TASK INPUTS —
::::

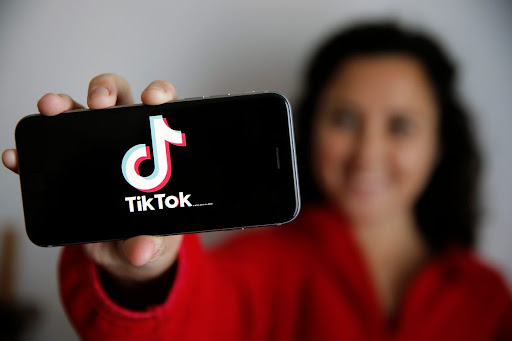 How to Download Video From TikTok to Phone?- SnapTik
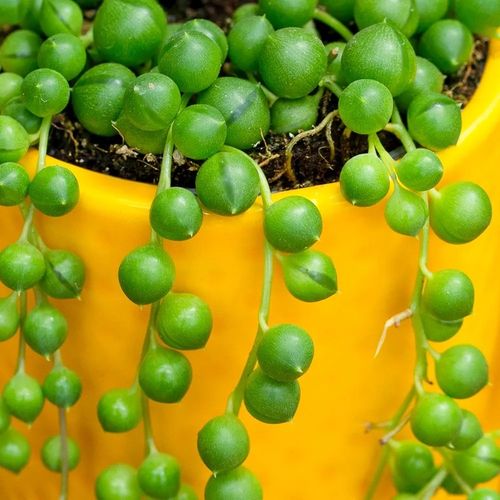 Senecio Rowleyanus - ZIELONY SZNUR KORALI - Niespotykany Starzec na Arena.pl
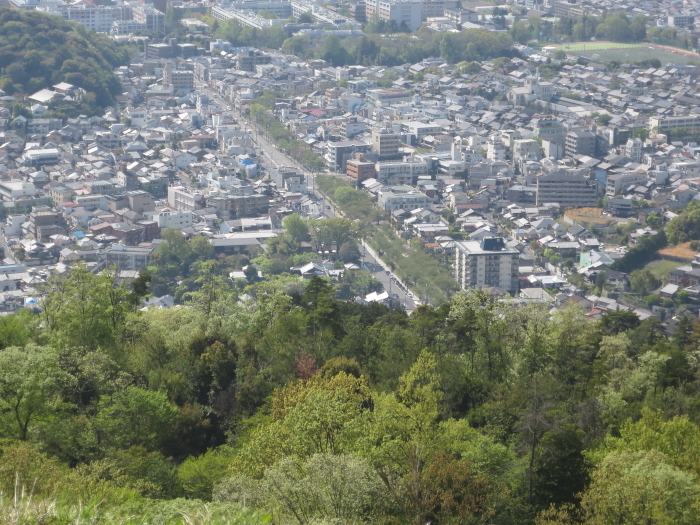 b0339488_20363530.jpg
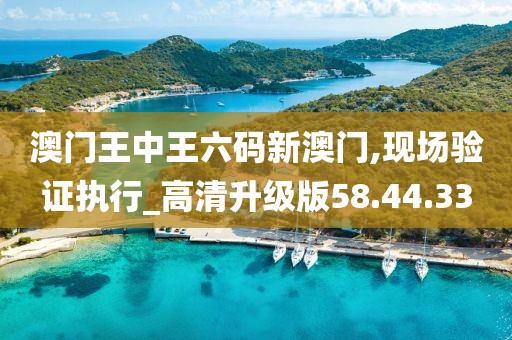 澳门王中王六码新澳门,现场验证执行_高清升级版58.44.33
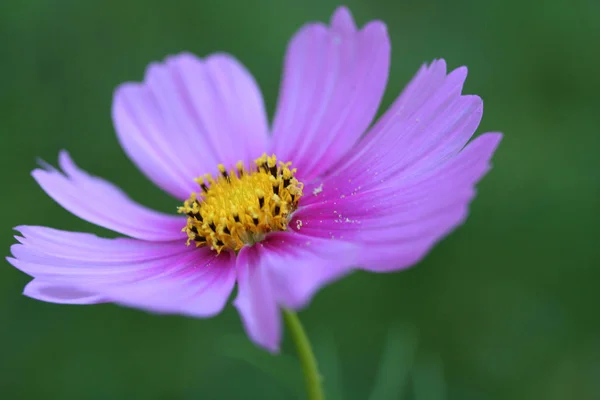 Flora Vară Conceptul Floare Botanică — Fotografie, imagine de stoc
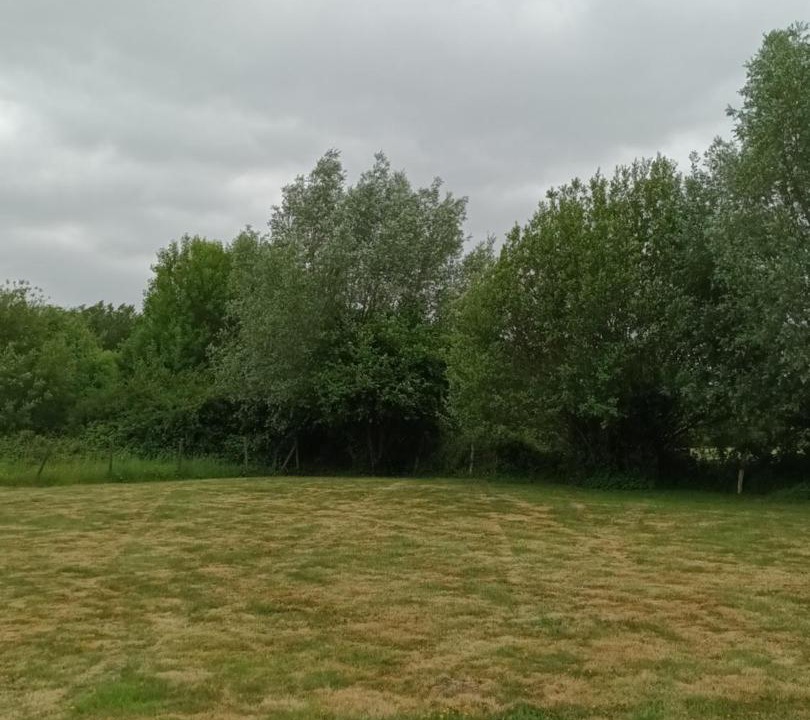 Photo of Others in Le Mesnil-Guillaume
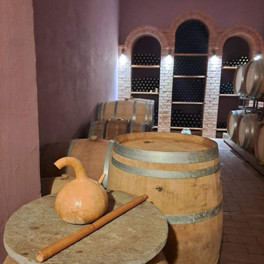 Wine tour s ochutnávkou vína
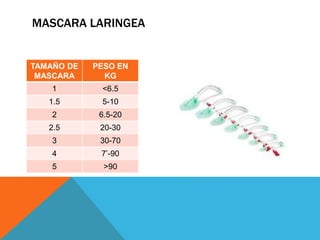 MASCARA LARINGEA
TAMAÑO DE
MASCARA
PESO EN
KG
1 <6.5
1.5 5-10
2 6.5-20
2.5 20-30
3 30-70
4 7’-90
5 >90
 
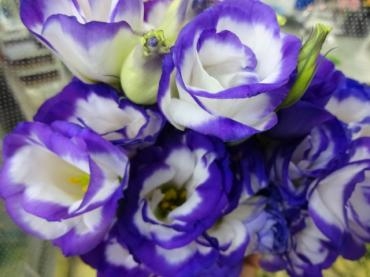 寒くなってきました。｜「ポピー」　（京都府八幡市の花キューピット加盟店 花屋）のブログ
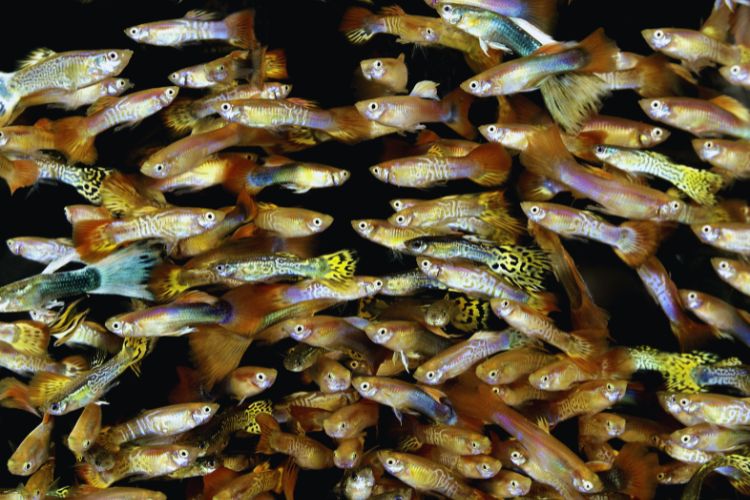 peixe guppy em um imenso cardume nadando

::::

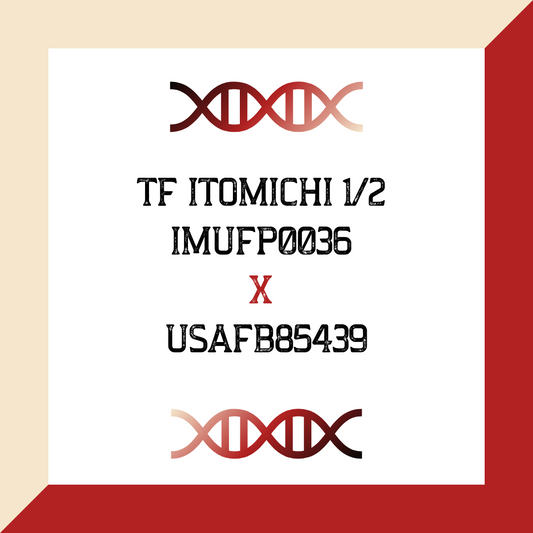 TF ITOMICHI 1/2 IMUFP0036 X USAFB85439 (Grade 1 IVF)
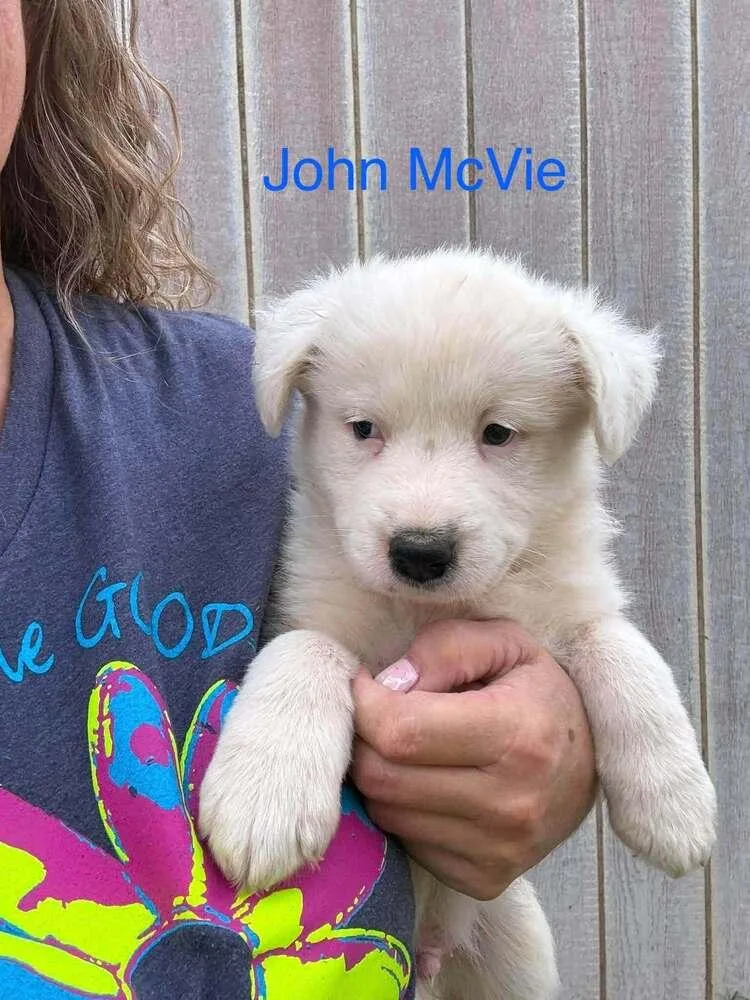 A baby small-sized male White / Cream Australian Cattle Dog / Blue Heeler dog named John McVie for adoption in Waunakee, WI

::::

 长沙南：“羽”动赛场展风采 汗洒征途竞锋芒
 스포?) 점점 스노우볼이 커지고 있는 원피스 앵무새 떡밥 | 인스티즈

::::

WHAT IS REQUIRED —
Starting with the line above that holds "How to Download", restate each line word for word up to and including the line that holds "peixe guppy em um imenso cardume nadando". Drop the pictures.

OUTPUT FOR THIS TASK —
 How to Download Video From TikTok to Phone?- SnapTik
 Senecio Rowleyanus - ZIELONY SZNUR KORALI - Niespotykany Starzec na Arena.pl
 b0339488_20363530.jpg
 澳门王中王六码新澳门,现场验证执行_高清升级版58.44.33
 Flora Vară Conceptul Floare Botanică — Fotografie, imagine de stoc
 Photo of Others in Le Mesnil-Guillaume
 Wine tour s ochutnávkou vína
 MASCARA LARINGEA
TAMAÑO DE
MASCARA
PESO EN
KG
1 <6.5
1.5 5-10
2 6.5-20
2.5 20-30
3 30-70
4 7’-90
5 >90
 
 寒くなってきました。｜「ポピー」　（京都府八幡市の花キューピット加盟店 花屋）のブログ
 peixe guppy em um imenso cardume nadando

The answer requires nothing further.